The umbrella body made the announcement in response to the publication of the government’s Transparency of Lobbying, Non-Party Campaigning and Trade Union Administration Bill on Wednesday.
Karl Wilding, director of public policy at the NCVO, described the bill as a "missed opportunity to restore some trust in politics".
He said the bill, which would introduce a statutory register for lobbying consultancies and tighter regulations for the amount organisations can spend on political campaigning during election periods, was not broad enough.
"People have a right to know who is trying to influence policy and why," he said. "The best way to achieve full transparency is with a universal register, run by an independent body, linked to a clear code of conduct.
"While charities aren’t generally thought to be part of the problem, we believe they should nevertheless have the highest standards of accountability and transparency.

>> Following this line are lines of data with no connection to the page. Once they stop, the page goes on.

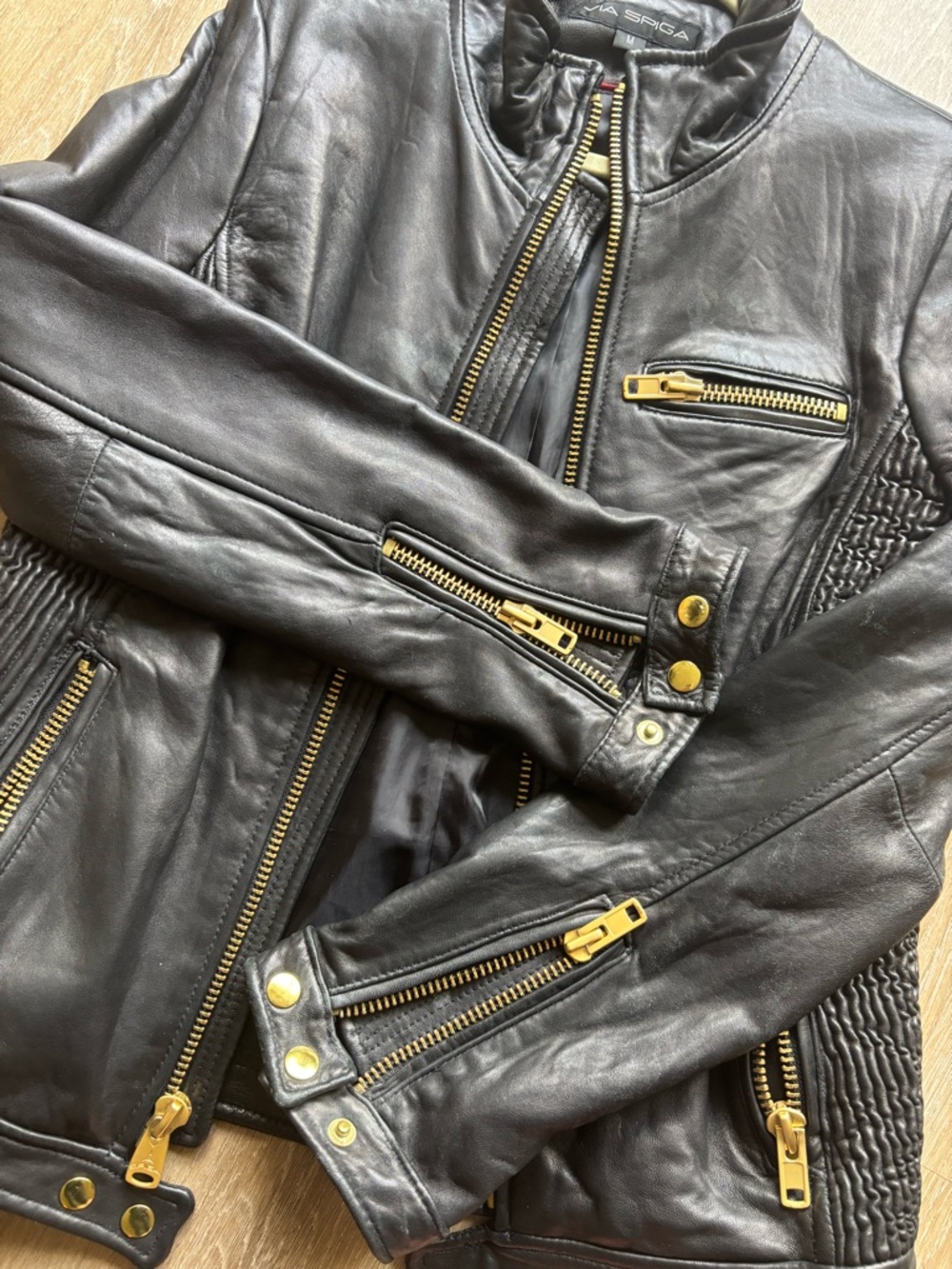 Via Spiga Black Leather Jacket with Gold Zippers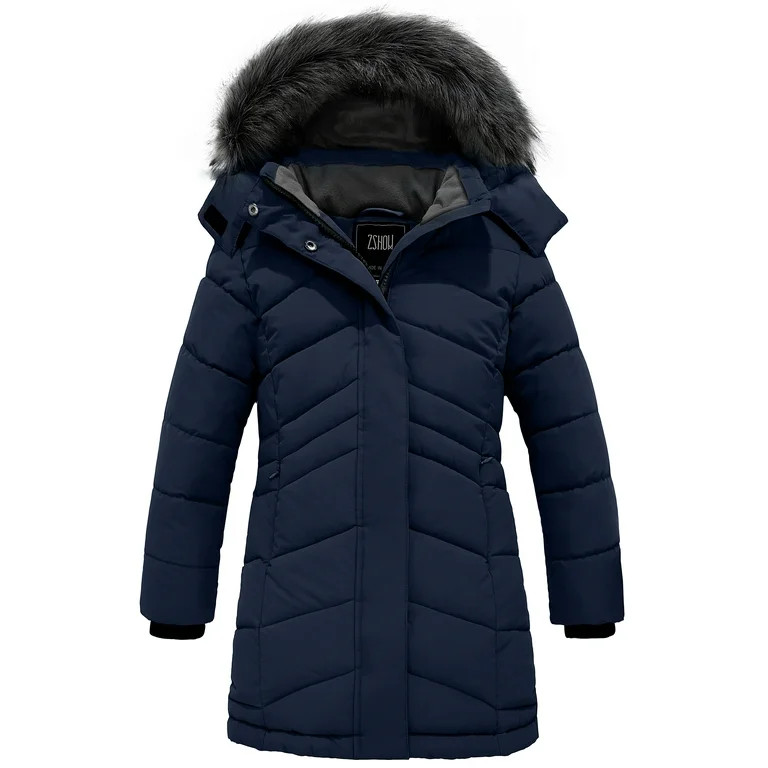 ZSHOW Girls' Winter Outerwear Coat Hooded Thick Quilted Puffer Jacket(Dark Blue,10-12) | Walmart (US)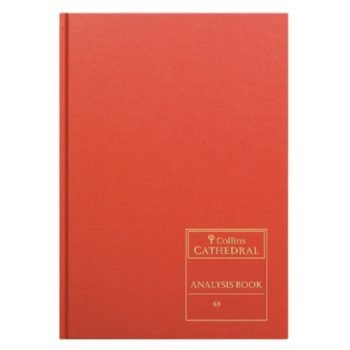 Collins Cathedral Analysis Book Casebound A4 5 Cash Column 96 Pages Red 69/5.1 - 811058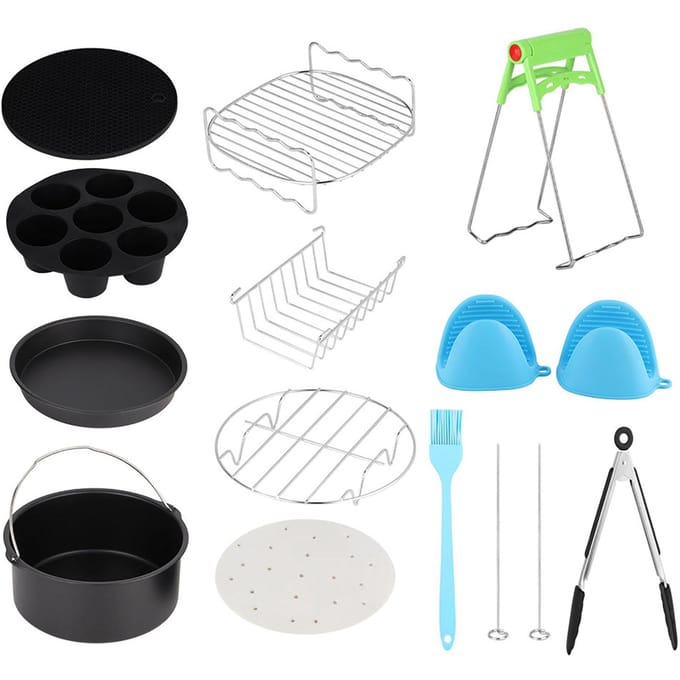 Kit de friteuse à air chaud universel 7 pouces (12 pièces) avec panier à gâteaux et accessoires black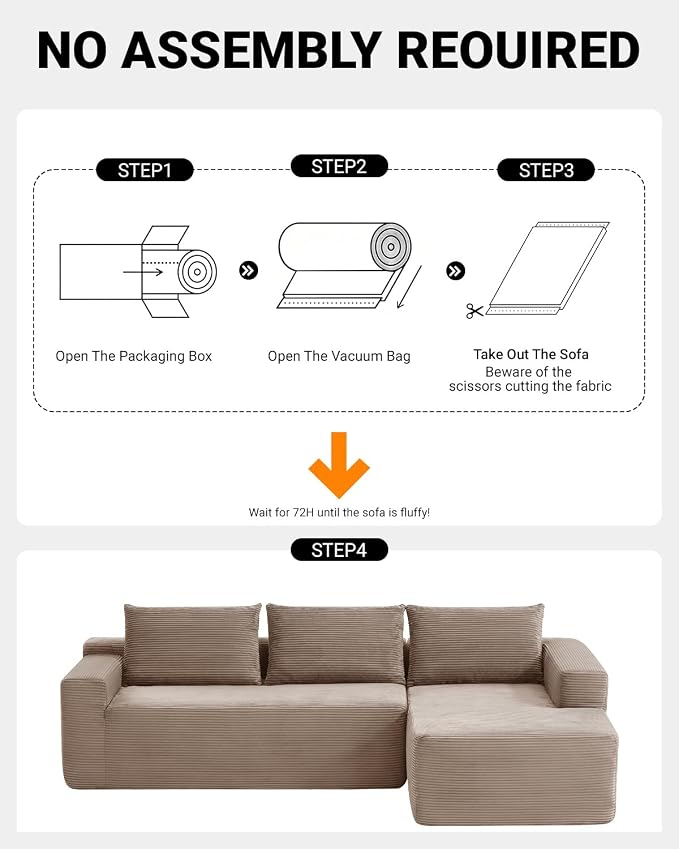 97" Cloud Sectional Couch, Modern Modular Sectional Sofa - Image 4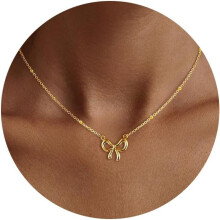 Gouden strikketting met 14K vergulde CZ-kralen.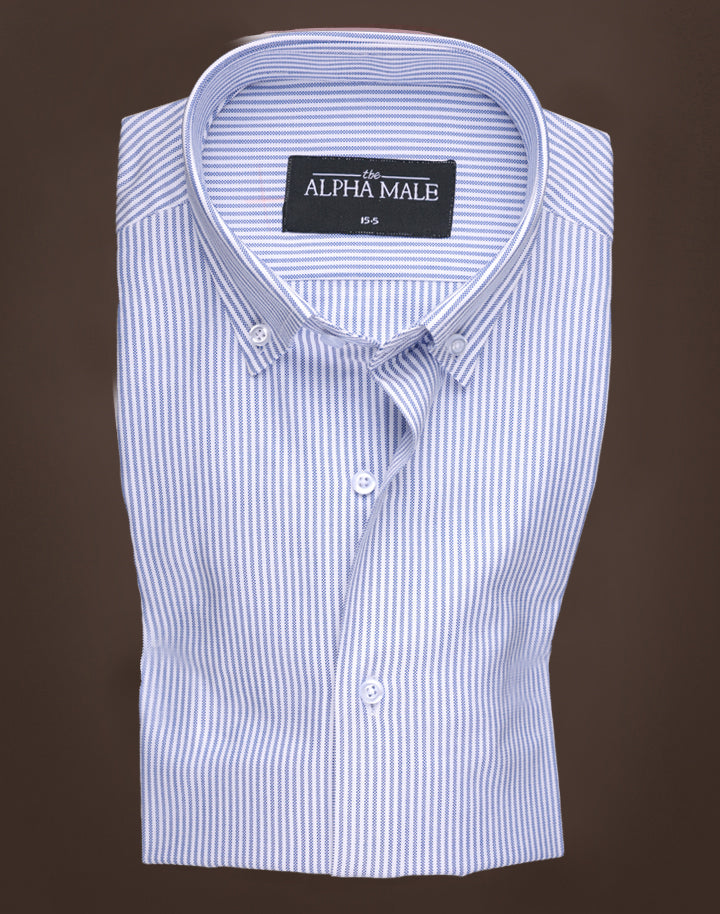 Contemporary Blue & White Stripes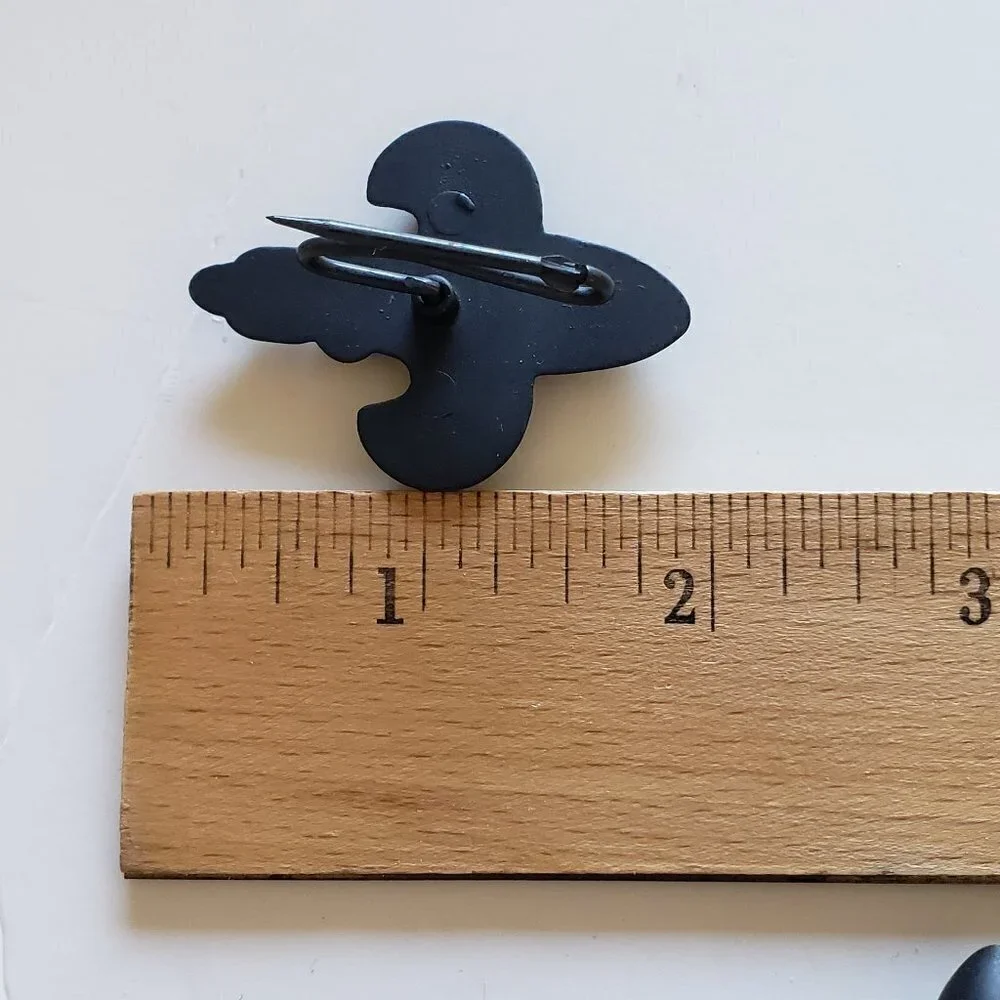 Fleur de lis Metal Curtain Hooks Pin-On Drapery Hooks Black Metal Set of 16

"Given the narrow scope of this bill, we will create our own code of good practice for charities that lobby and campaign to make sure we retain the current high levels of public trust and confidence in charities."
An NCVO spokeswoman said the organisation had hoped the register would cover a wider range of lobbyists than just consultancies, and include others such as charities and trade unions. "If you’re going to do this we think it really should be universal," she said.
She said it was also disappointing that the bill did not include a code of good conduct for lobbyists, setting out standards of behaviour.
The NCVO will consult members about the scope of the code later this year.